Cuando era pequeña, su madre no podía enseñarle la lengua mapuche: “En ese tiempo estaba Gendarmería, que le prohibía terminantemente que le enseñe la lengua a sus hijos, y ella nos decía que para que nosotros no fuéramos castigados no nos iba a enseñar”. Ahora, el hijo de María Luisa, a los 9 años, está recuperando la lengua y habitando las costumbres: “Es un peuchen, es un chico de los que está dentro de la ceremonias”.
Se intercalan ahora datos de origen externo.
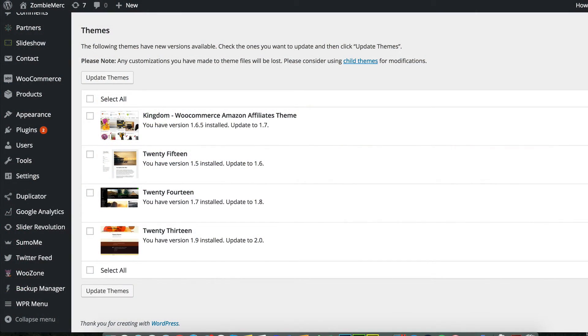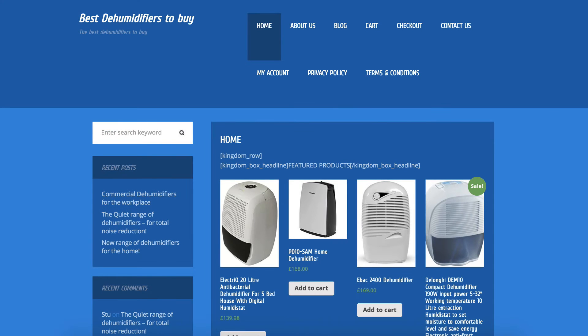The third question is around the Kingdom theme — the one used for the zombie affiliate website. A lot of people noticed an update available in the WordPress dashboard update section, and when they clicked update, it installed a weird random theme that broke their layout. My advice: don't do it. If you want to update the theme, go to CodeCanyon, download it, and update it manually. I've raised a ticket with the AA team and will let you know as soon as I have more information.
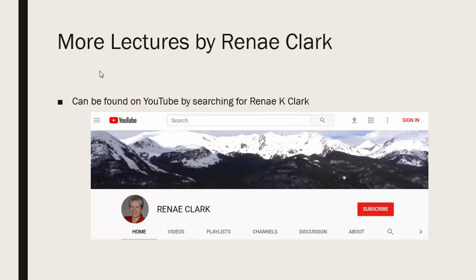More of my lectures can be found on YouTube by searching for Renee K. Clark and then subscribing to my channel. You will find a variety of Excel lectures available as well as selected other lectures.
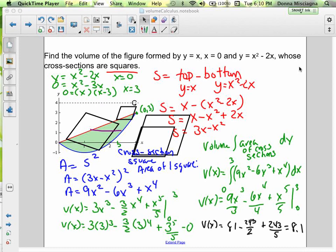We're going to find the volume of the figure formed by y equals x — that's the red line — x equals zero, which is the y-axis, and y equals x squared minus 2x, which is the blue graph. That's the base of our figure, and the cross-sections are squares.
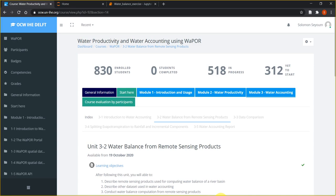Hi everyone, welcome back to Module 3: Water Accounting using evapotranspiration. In this video we are going to see how we can calculate the water balance of a river basin from remotely sensed precipitation, evapotranspiration, and change in storage estimates. If you haven't watched the video on water balance, please make sure to watch it before you attempt this exercise.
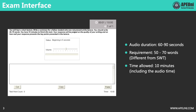On the exam day, the exam interface will be like this. You will hear a lecture. The duration of the lecture or the audio is normally between 60 to 90 seconds. Like all other questions with audios in PTE, you will hear the audio only once. And your task is to write a summary of what you've heard.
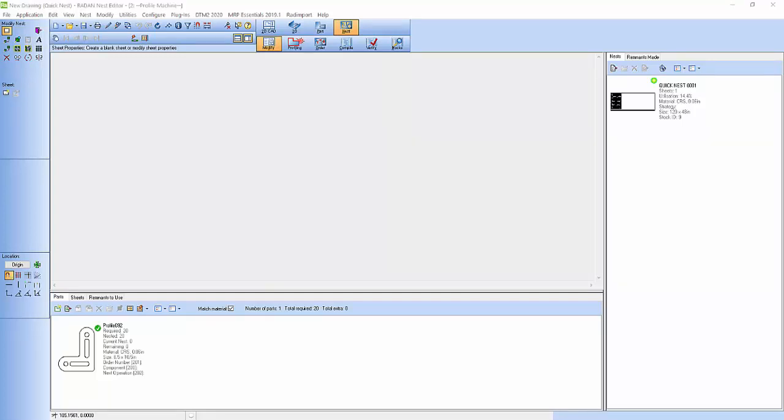Hey everybody, just wanted to show you how to create a quick nest, or a nest project.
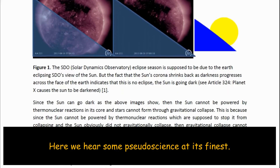Since the sun can go dark, as the above images show, the sun cannot be powered by thermonuclear reactions in its core, and stars cannot form through gravitational collapse. Since the sun cannot be powered by thermonuclear reactions — which are supposed to stop it from collapsing — and the sun obviously did not gravitationally collapse, then gravitational collapse cannot occur. And if gravitational collapse does not occur, then black holes cannot form, because it takes gravitational collapse for a black hole to form.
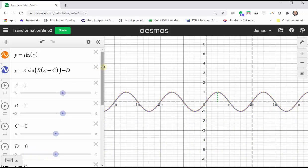I think it is helpful to spend time exploring how the values of a, b, c, and d affect the graph of the sine function or the cosine function when the equation is in this form. I hope you found this helpful.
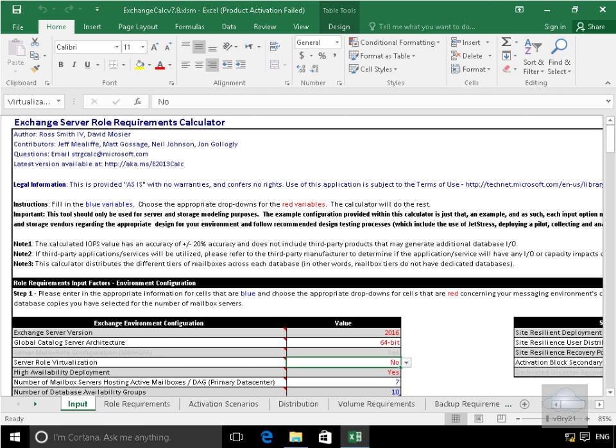This demonstration we're going to look at the Exchange Server Role Requirements Calculator. With this utility we input information relating to the business and functional requirements of our Exchange organization and the utility will then give us recommendations for building that environment.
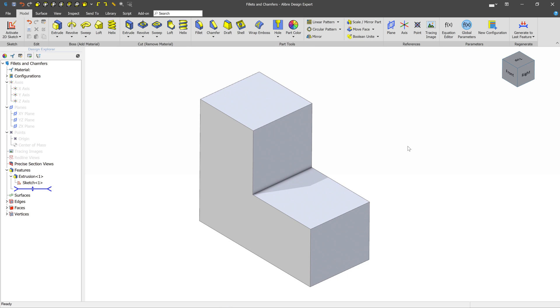In this video, we're going to talk about some of the most common 3D features that you're going to have, and they're probably going to make an appearance in almost every design that you make. This will be the Fillet Tool and the Chamfer Tool.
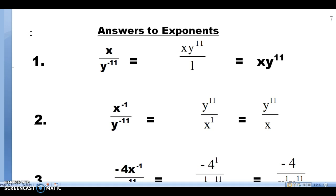Problem number two: the base x has a negative exponent, so we move it to the bottom. Y has a negative exponent, so we move it to the top. Our answer is going to be y to the 11th over x to the first, or simply x in the denominator.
El conflicto, en este momento, es por la propiedad de la tierra, y el competidor un nombre tan poderoso como conocido: Luciano Benetton. “Hubo comentarios en la comunidad de que se querían donar ciertas tierras a mapuches que habían sido desalojados de otros lados. Entonces la gente de la comunidad decía: ‘Si no tenemos espacios para nosotros y nuestros animales, ¿van a traer a más hermanos para estos lados?’ No queremos que haya conflicto, entonces decidimos unirnos para luchar contra los Benetton o quien venga.”